Analogy of IEEE 1355 with modern manufacturing

The job of moving data round a network, with the objectives of maximum throughput, minimum delay, and minimum cost, is very similar to the job of moving components and subassemblies round a factory. Manufacturing has been through a revolution over the last 50 years, and modern manufacturing uses concepts and techniques that would have been thought crazy 50 years ago. Even with recent advances, computer networks are still more like the old production lines. So if 1355 seems crazy to you now, this analogy might help to explain why 1355, or something very much like it, is utterly inevitable.

Old production line

Modern manufacturing

IEEE 1355

Bottlenecks

Spare or flexible capacity to eliminate bottlenecks

Multiple paths and adaptive routing to eliminate bottlenecks, provide fault tolerance

Rigid production lines

Flexible manufacturing

Flexible encapsulation of other protocols,
flexible network topologies

Quality doesn't matter/repair if faulty

Quality is paramount, Zero defects

Reliable links,
buffers never overflow

Don't change it

Continuous improvement

Adding nodes and links continuously improves the network throughput

Lead time is irrelevant

Just-In-Time because delay reduces quality, reduces customer service, and reduces throughput

Worm-hole routing and flow-control minimise delay

Long conveyor belt

Many small, independent, cells

Many independent links

Large batch sizes

Small batches, in trays, preferably one unit per tray

Small packets, appropriate for the application

"Push" components onto the line

When a tray is used, the tray goes back as an order to "pull" more components

Feedback flow-control "pulls" data when there is space for it

Long change-over time

Very fast tool-change

Fast, widely distributed, independent, arbitrations;
fast changeover between different packets and protocols

Environment does not matter

Waste of any kind is damaging to the environment (as well as profit)

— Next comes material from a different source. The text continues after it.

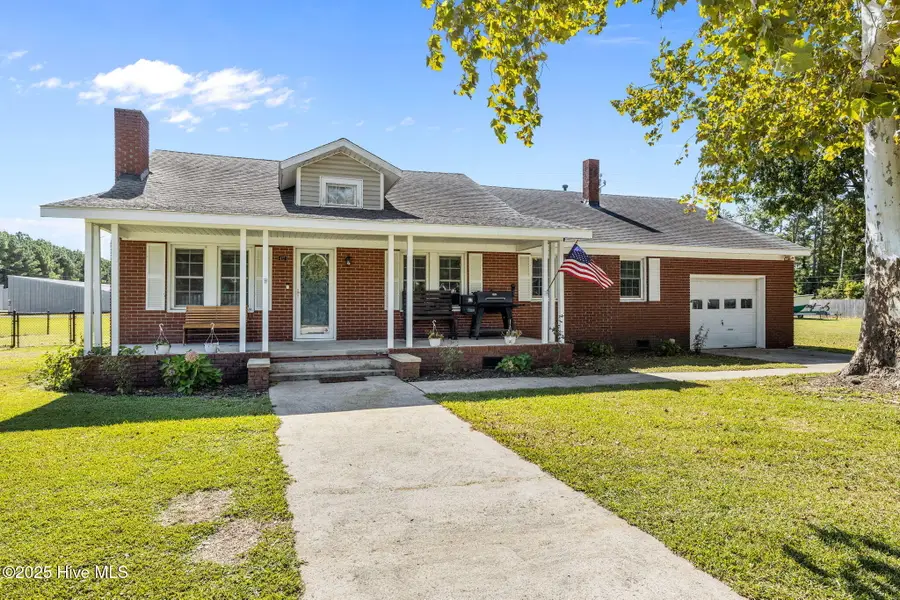 477 Harkers Island Road, Beaufort, NC 28516 - Image #3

Eliminate wasted data from buffer overflow, eliminate wasted power driving unnecessary wires, eliminate unnecessary RF pollution

Inventory is asset

Inventory is liability

Minimise data buffers

Make 50% profit margin once per year

Make 20% profit margin 10 times per year

1/5th the link speed in a switched network can offer 20 times the overall throughput of a bus or ring

This table was used in the editorial to the special issue of Microprocessors and Microsystems on 1355.